<<<<

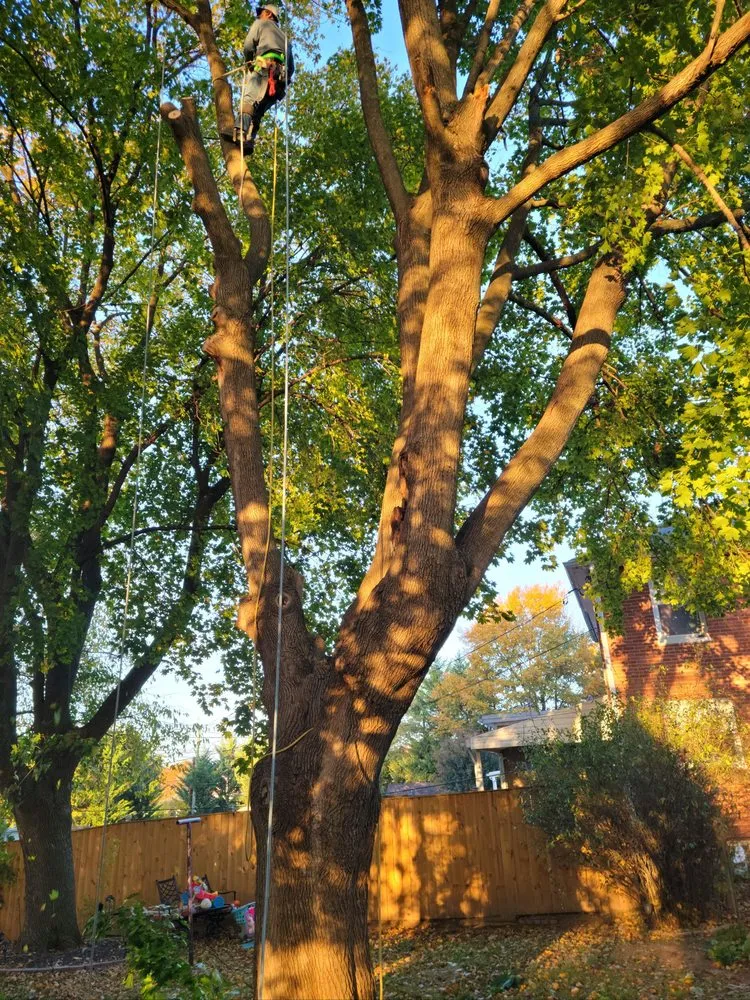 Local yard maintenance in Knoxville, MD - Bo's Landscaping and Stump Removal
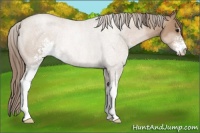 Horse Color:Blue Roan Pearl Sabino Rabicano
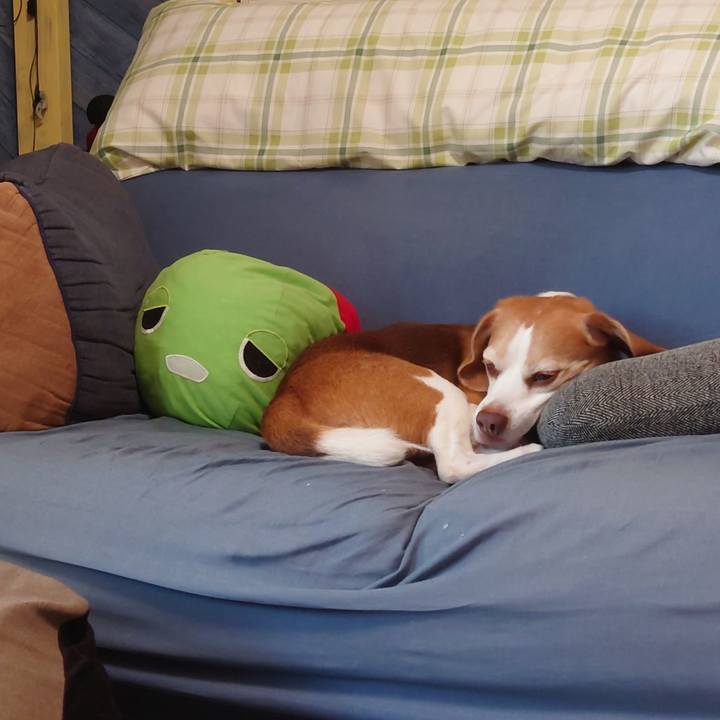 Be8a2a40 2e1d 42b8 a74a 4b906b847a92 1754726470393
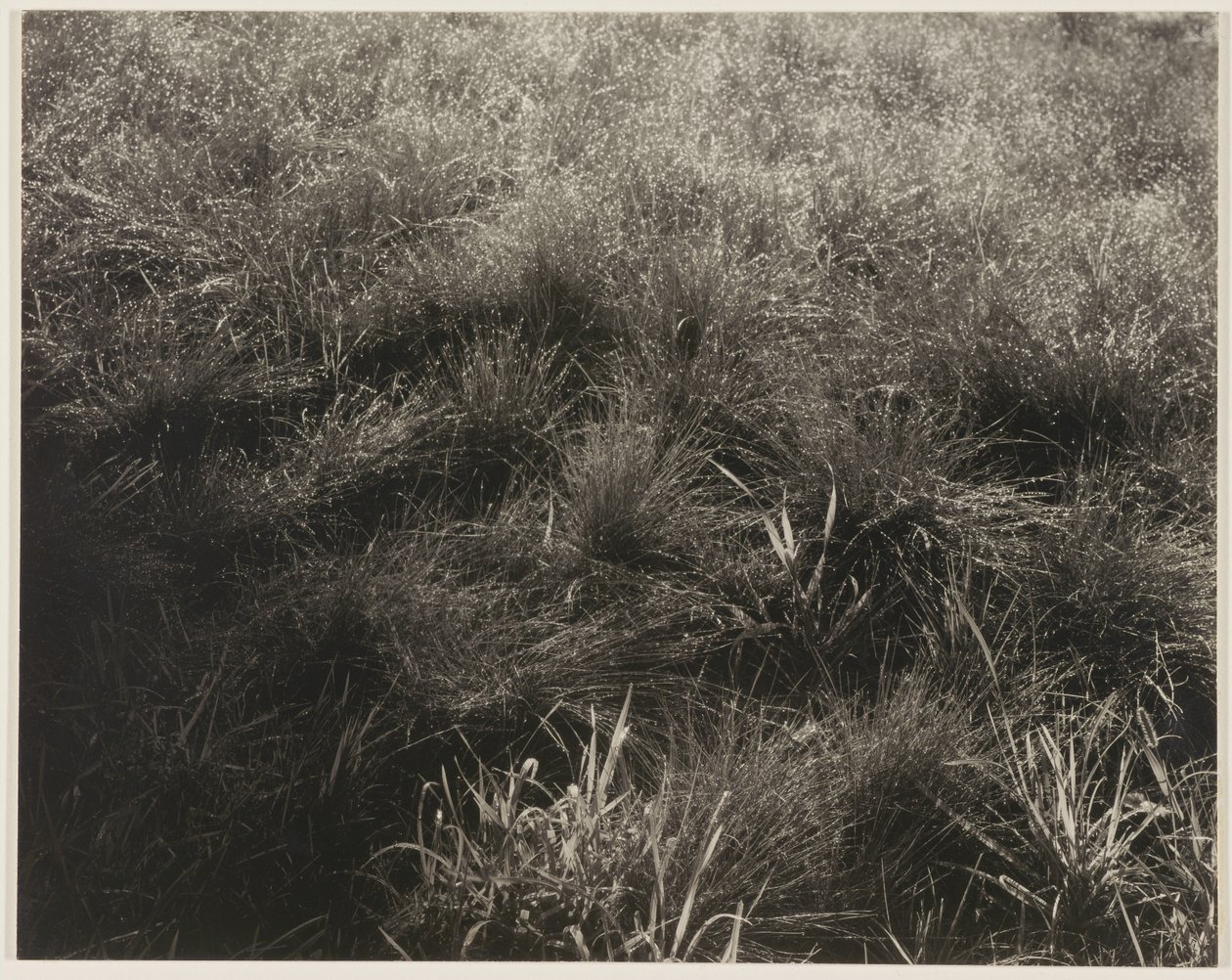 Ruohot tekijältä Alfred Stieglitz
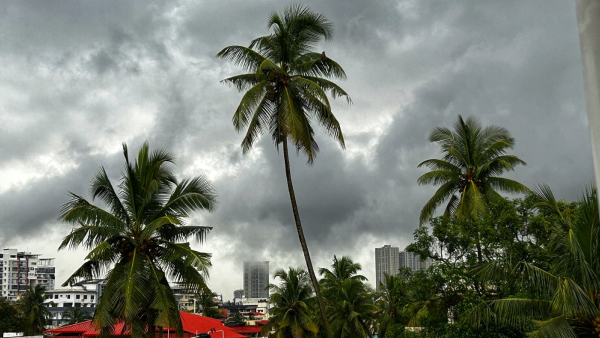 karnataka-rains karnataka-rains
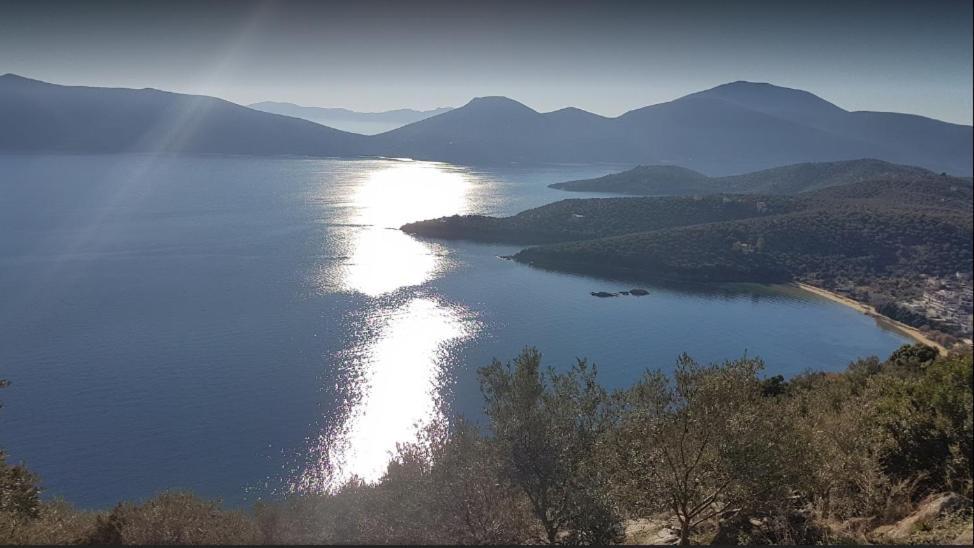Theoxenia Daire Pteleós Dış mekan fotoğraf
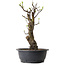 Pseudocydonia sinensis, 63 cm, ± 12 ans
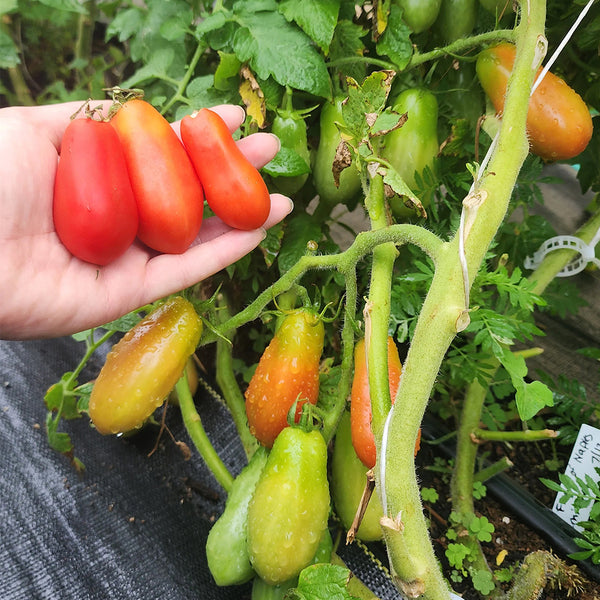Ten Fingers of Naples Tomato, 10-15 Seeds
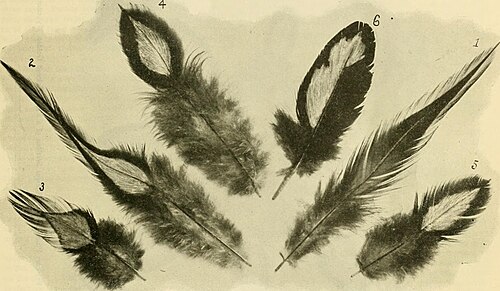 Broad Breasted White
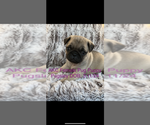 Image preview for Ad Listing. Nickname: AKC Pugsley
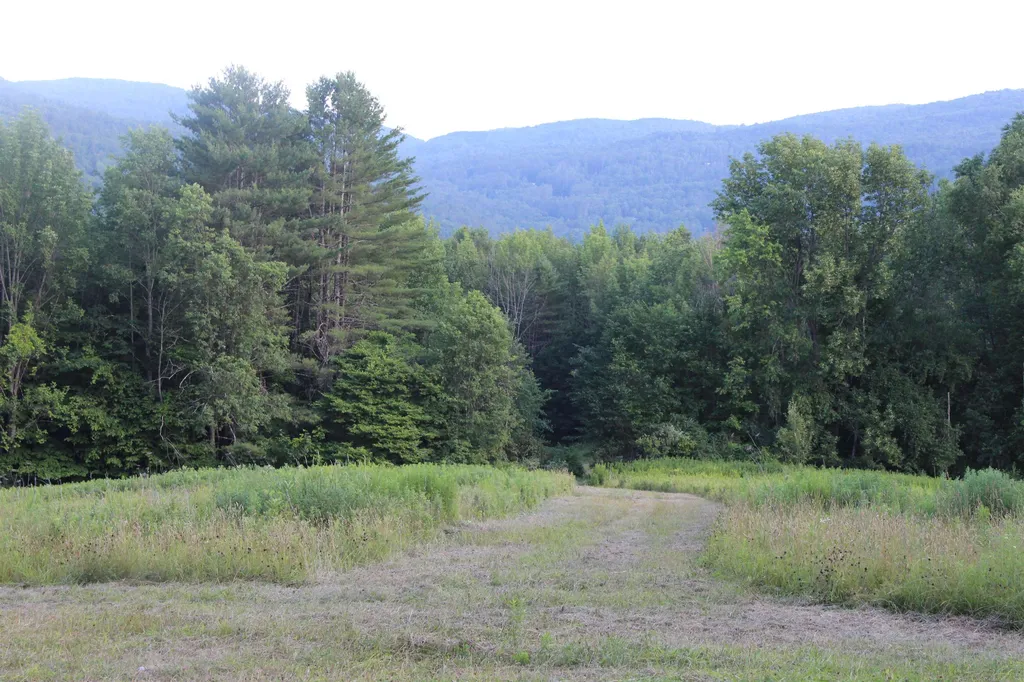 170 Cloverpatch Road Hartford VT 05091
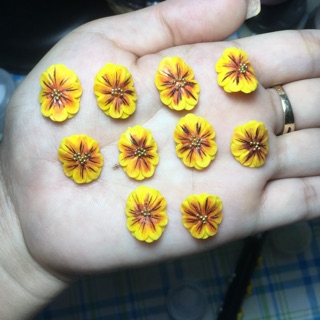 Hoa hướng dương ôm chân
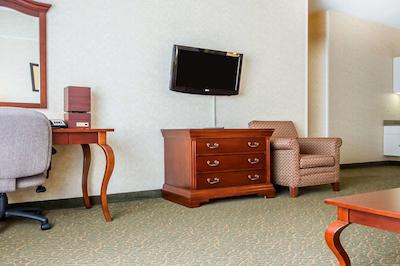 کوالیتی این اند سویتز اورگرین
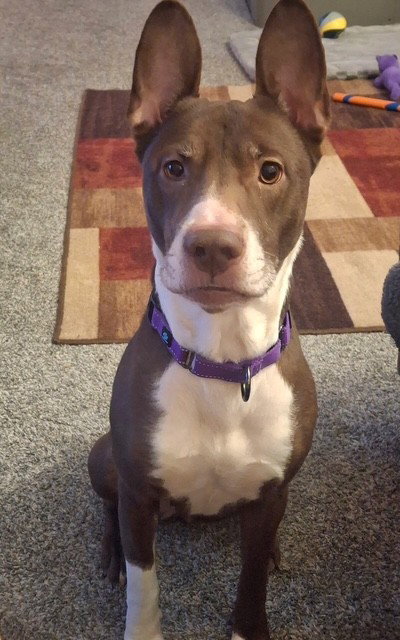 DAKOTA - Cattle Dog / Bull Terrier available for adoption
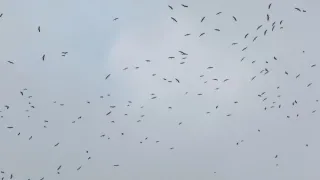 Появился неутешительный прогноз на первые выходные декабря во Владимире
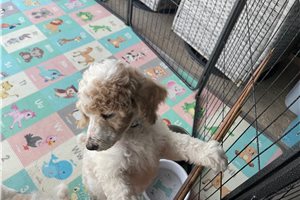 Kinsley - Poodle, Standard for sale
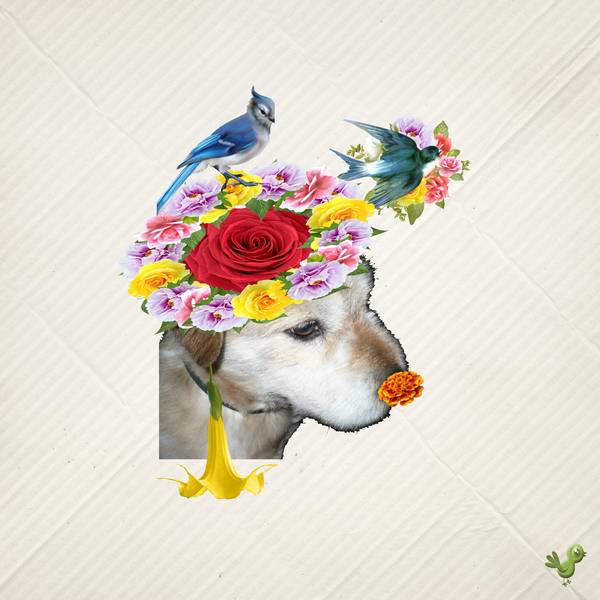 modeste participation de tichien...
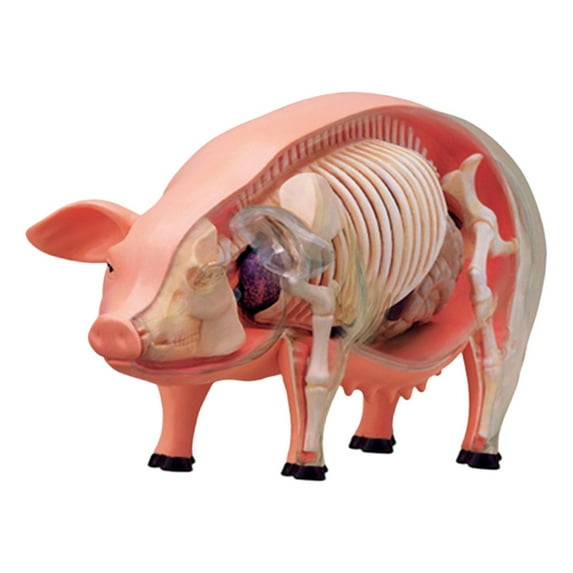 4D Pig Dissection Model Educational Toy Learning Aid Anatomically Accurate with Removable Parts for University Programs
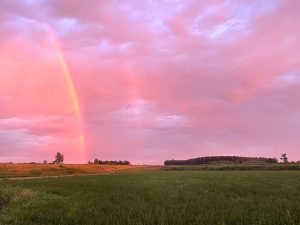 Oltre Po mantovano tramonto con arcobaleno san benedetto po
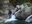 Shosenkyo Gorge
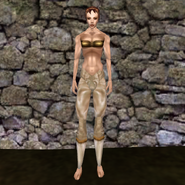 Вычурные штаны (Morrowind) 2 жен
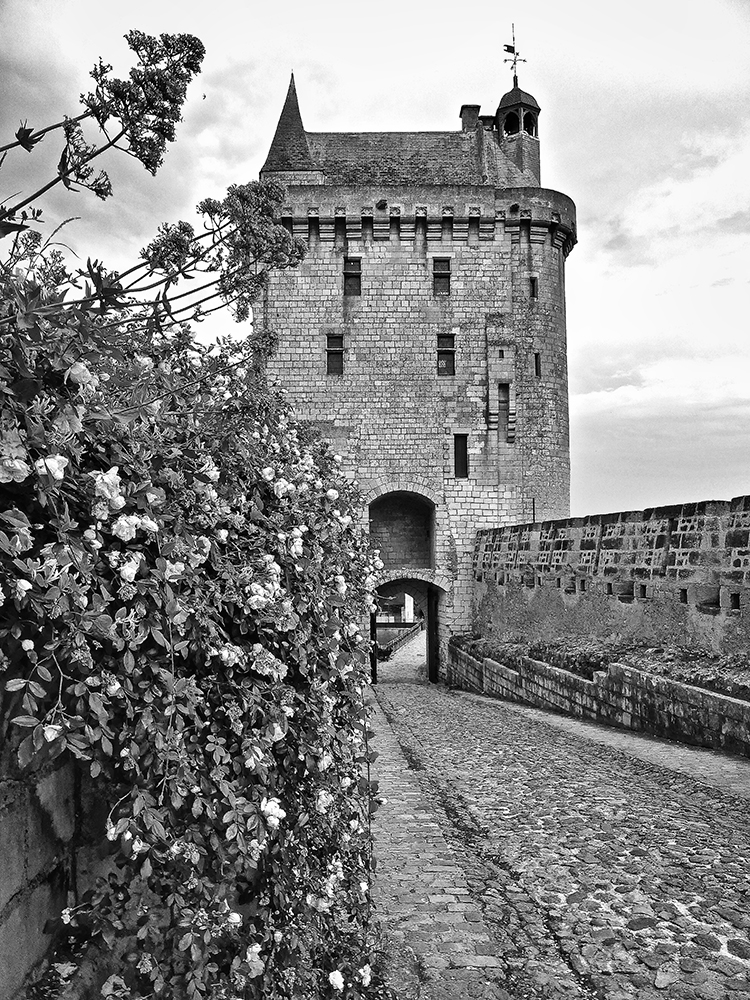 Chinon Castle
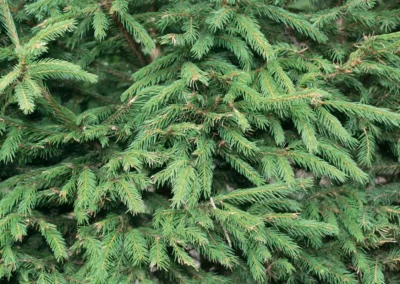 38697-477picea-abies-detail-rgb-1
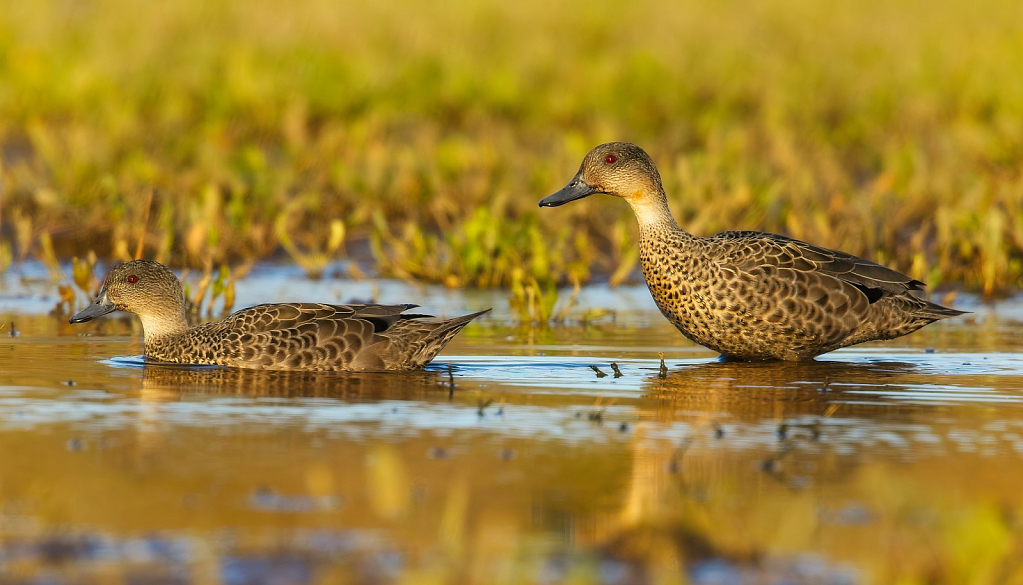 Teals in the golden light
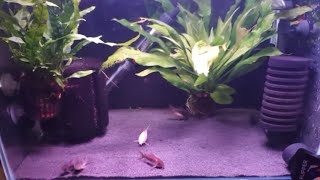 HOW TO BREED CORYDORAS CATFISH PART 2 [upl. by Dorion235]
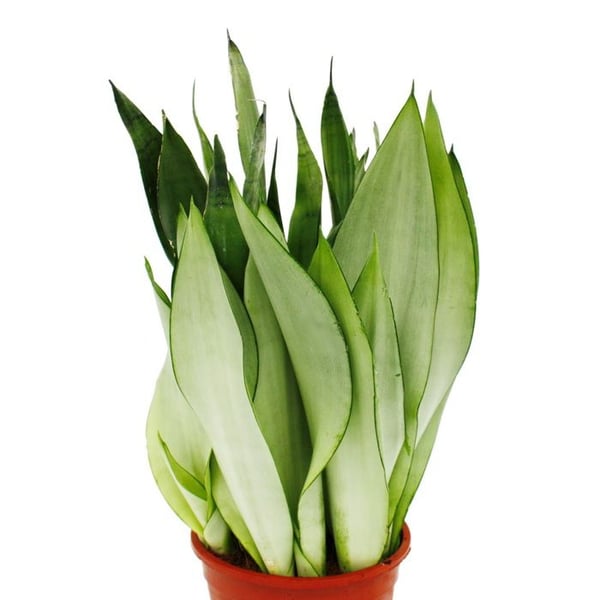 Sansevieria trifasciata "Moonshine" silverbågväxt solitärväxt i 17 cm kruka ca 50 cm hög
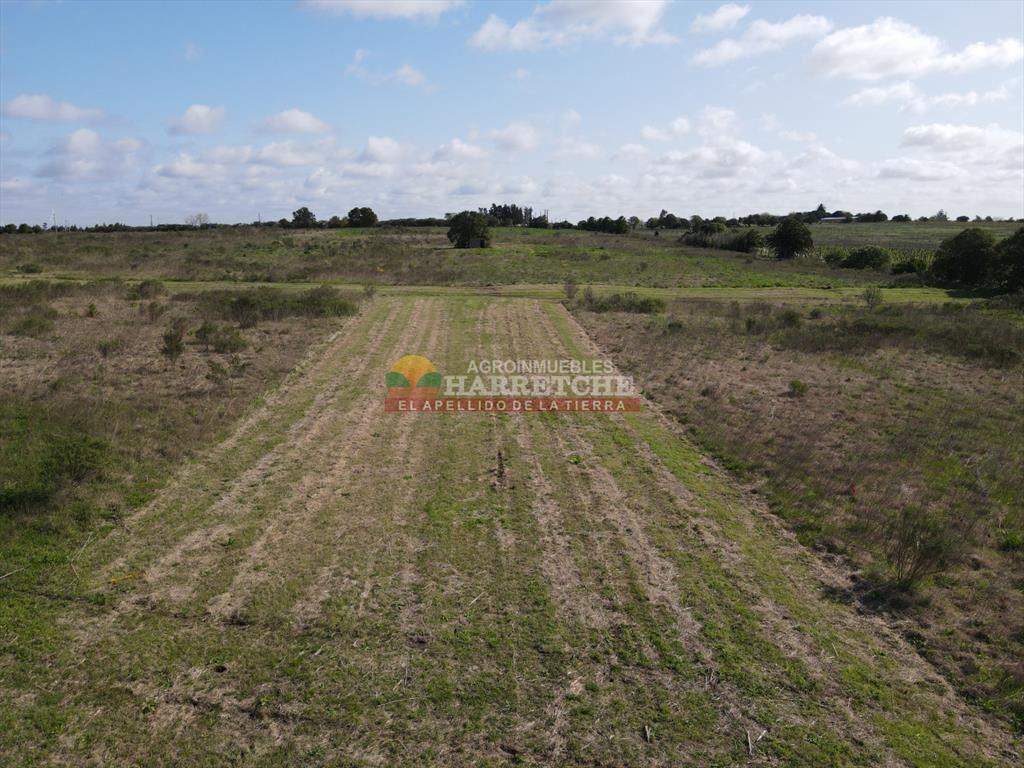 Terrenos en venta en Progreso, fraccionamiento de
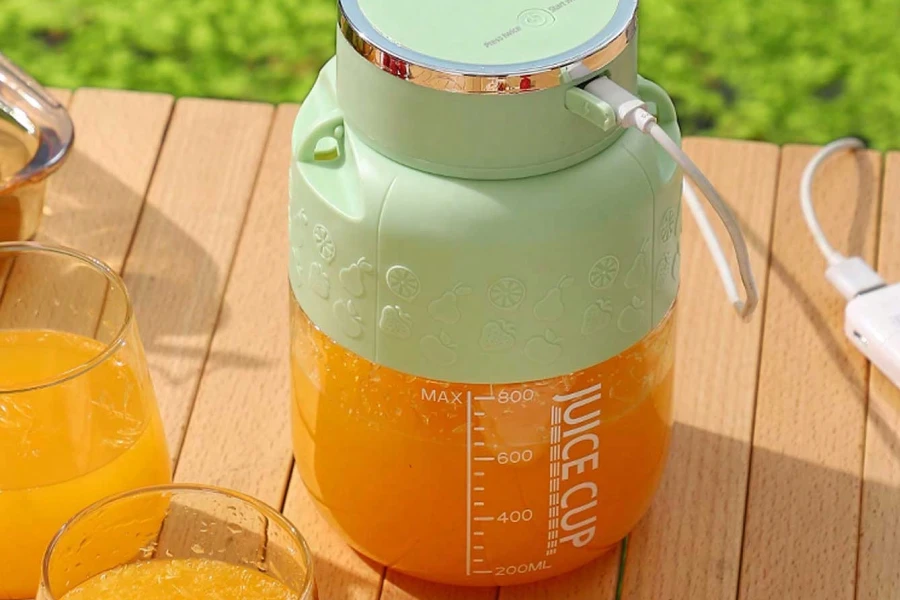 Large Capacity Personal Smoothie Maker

>>>>

About this task
From the records above, return exactly the lines running from the one that contains "Image preview for" down to the one that contains "modeste participation de tichien...", both included, without any pictures.

Written reply
 Image preview for Ad Listing. Nickname: AKC Pugsley
 170 Cloverpatch Road Hartford VT 05091
 Hoa hướng dương ôm chân
 کوالیتی این اند سویتز اورگرین
 DAKOTA - Cattle Dog / Bull Terrier available for adoption
 Появился неутешительный прогноз на первые выходные декабря во Владимире
 Kinsley - Poodle, Standard for sale
 modeste participation de tichien...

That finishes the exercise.